Every picture should be left out, but the lines below must be repeated exactly.

◇ ◇ ◇ ◇ ◇

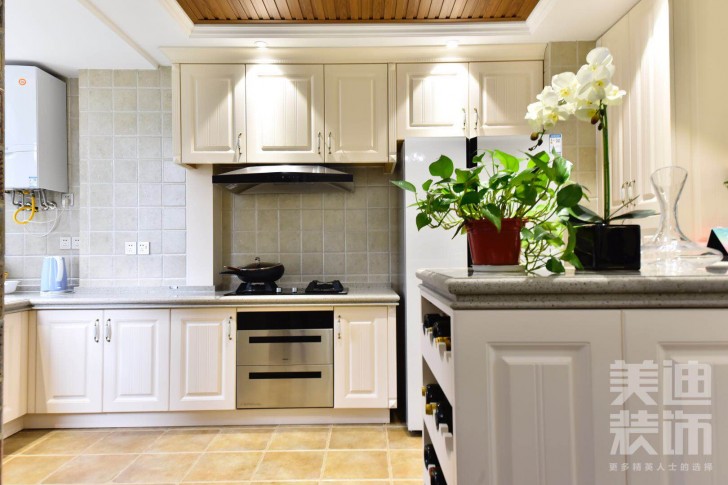 八方小區(qū)160平小美風格裝修案例圖-廚房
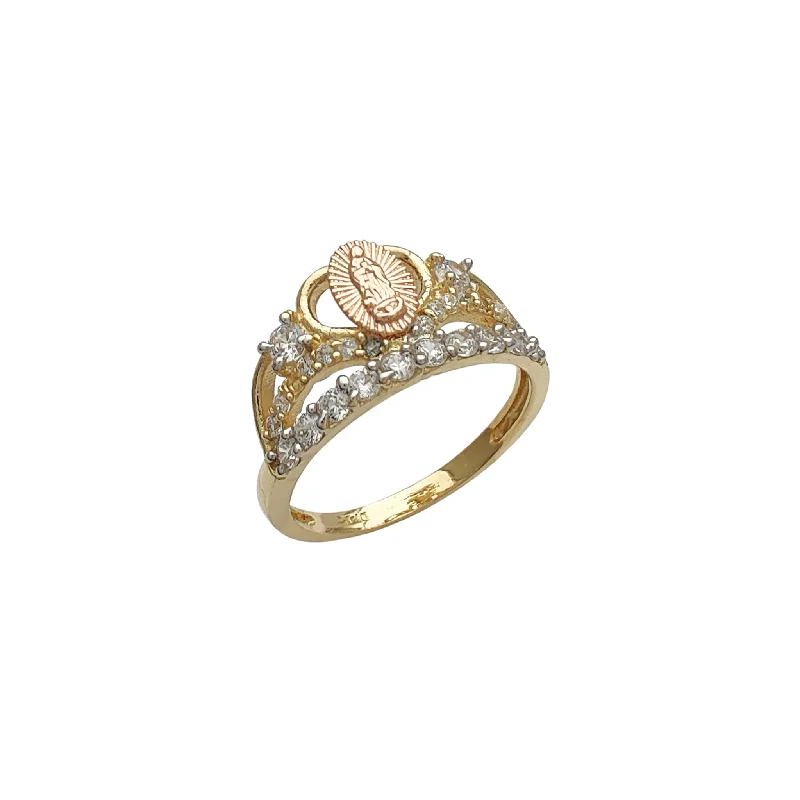 women's rings with multi-stone setting -Pave Milgrained Tricolor Virgin Mary Ring (14K)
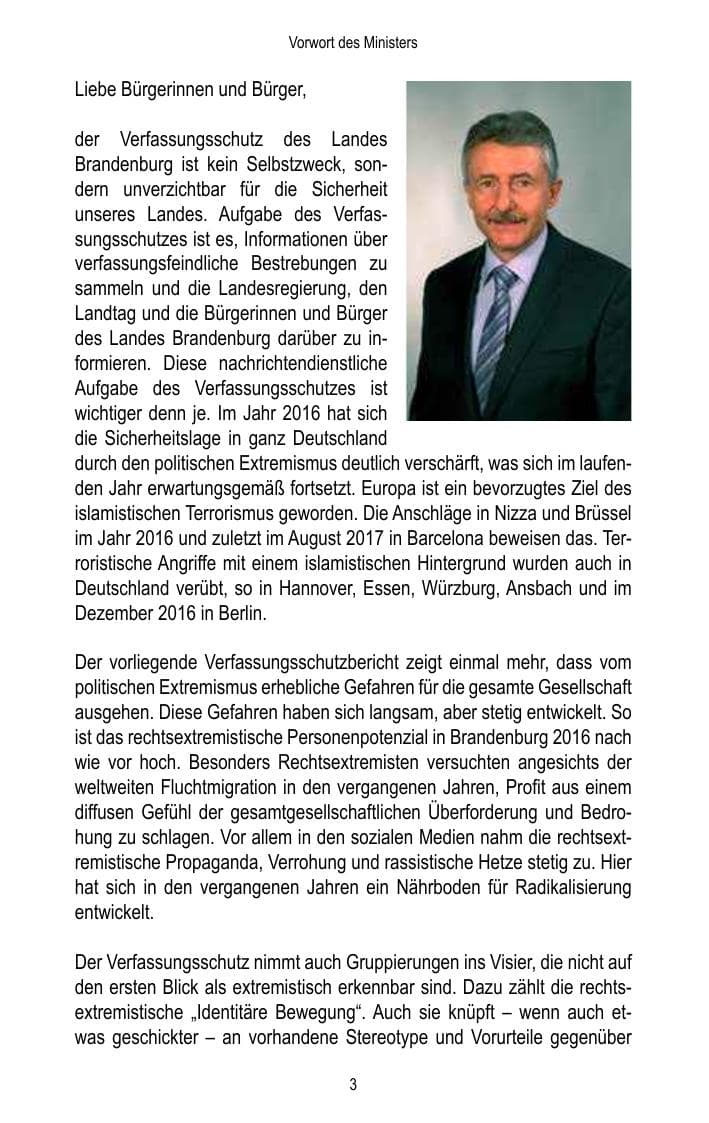 Seite 5 des Verfassungsschutzbericht 2016 Brandenburg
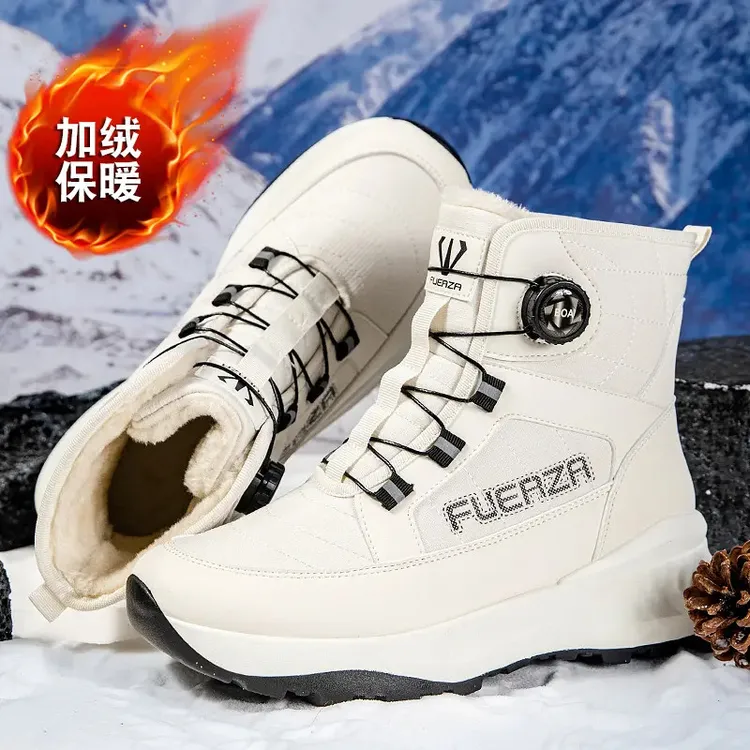 FUERZA飞力嘉2025秋冬新款马丁靴加绒雪地靴户外靴高帮增高休闲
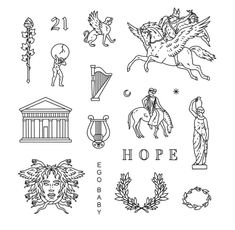 the stamps are designed to look like ancient greek art and symbols, including an eagle, a horse, a woman with a staff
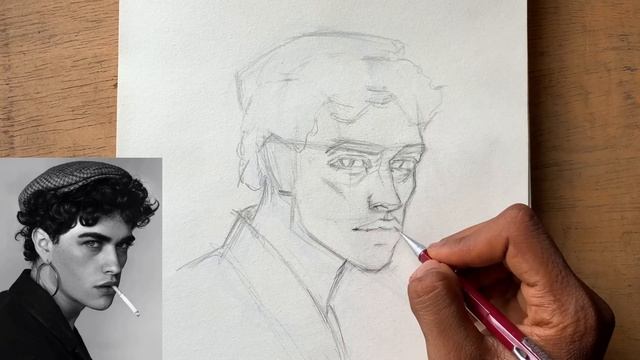 Portrait drawing study- practice with me смотреть онлайн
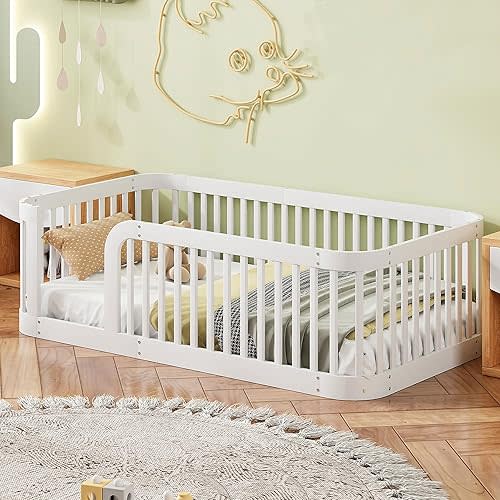 Bellemave Twin Floor Bed with High Fence and Rounded Corner Design, Twin Size Montessori Floor Bed with Entrance, Easy Assemble Montessori Bed Frame, White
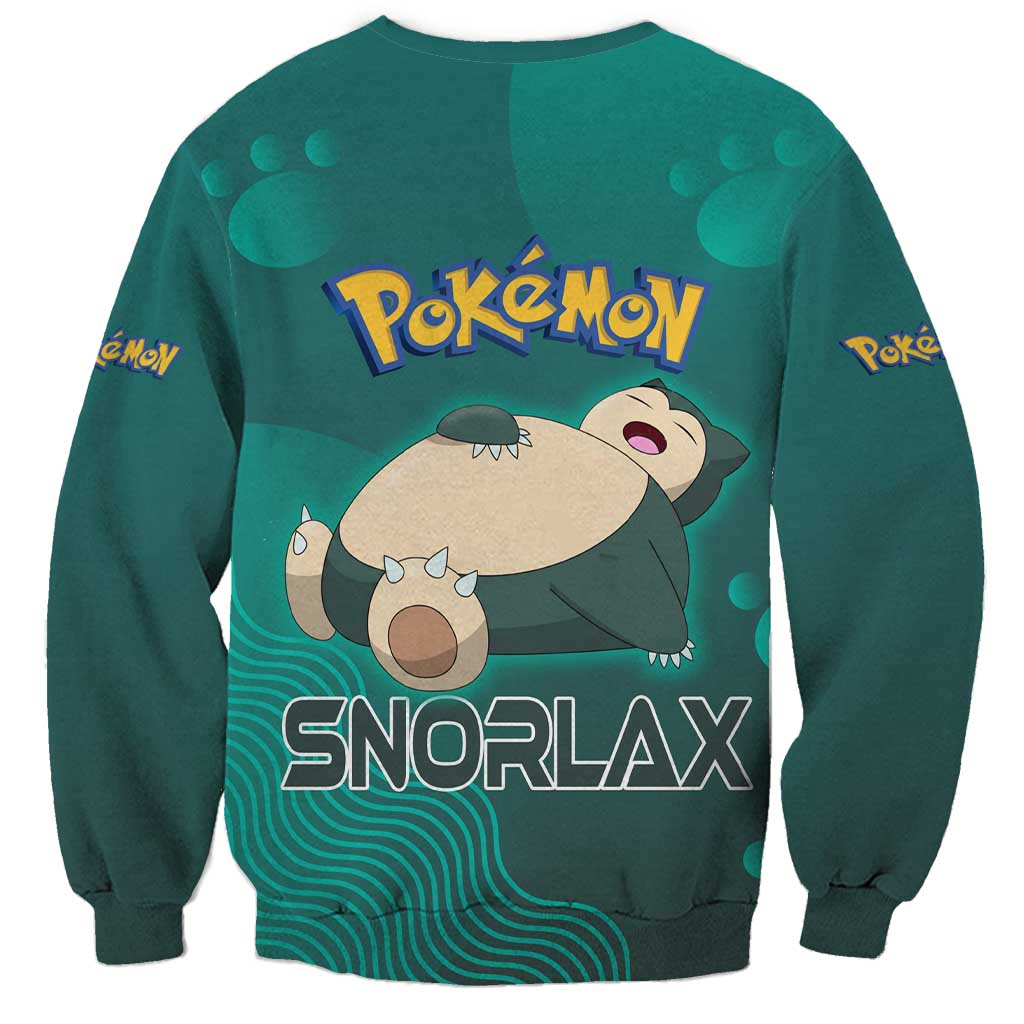 Snorlax Poké Sweatshirt Chill Mint Cartoon Bubble Style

◇ ◇ ◇ ◇ ◇

→ Finished task
 八方小區(qū)160平小美風格裝修案例圖-廚房
 women's rings with multi-stone setting -Pave Milgrained Tricolor Virgin Mary Ring (14K)
 Seite 5 des Verfassungsschutzbericht 2016 Brandenburg
 FUERZA飞力嘉2025秋冬新款马丁靴加绒雪地靴户外靴高帮增高休闲
 the stamps are designed to look like ancient greek art and symbols, including an eagle, a horse, a woman with a staff
 Portrait drawing study- practice with me смотреть онлайн
 Bellemave Twin Floor Bed with High Fence and Rounded Corner Design, Twin Size Montessori Floor Bed with Entrance, Easy Assemble Montessori Bed Frame, White
 Snorlax Poké Sweatshirt Chill Mint Cartoon Bubble Style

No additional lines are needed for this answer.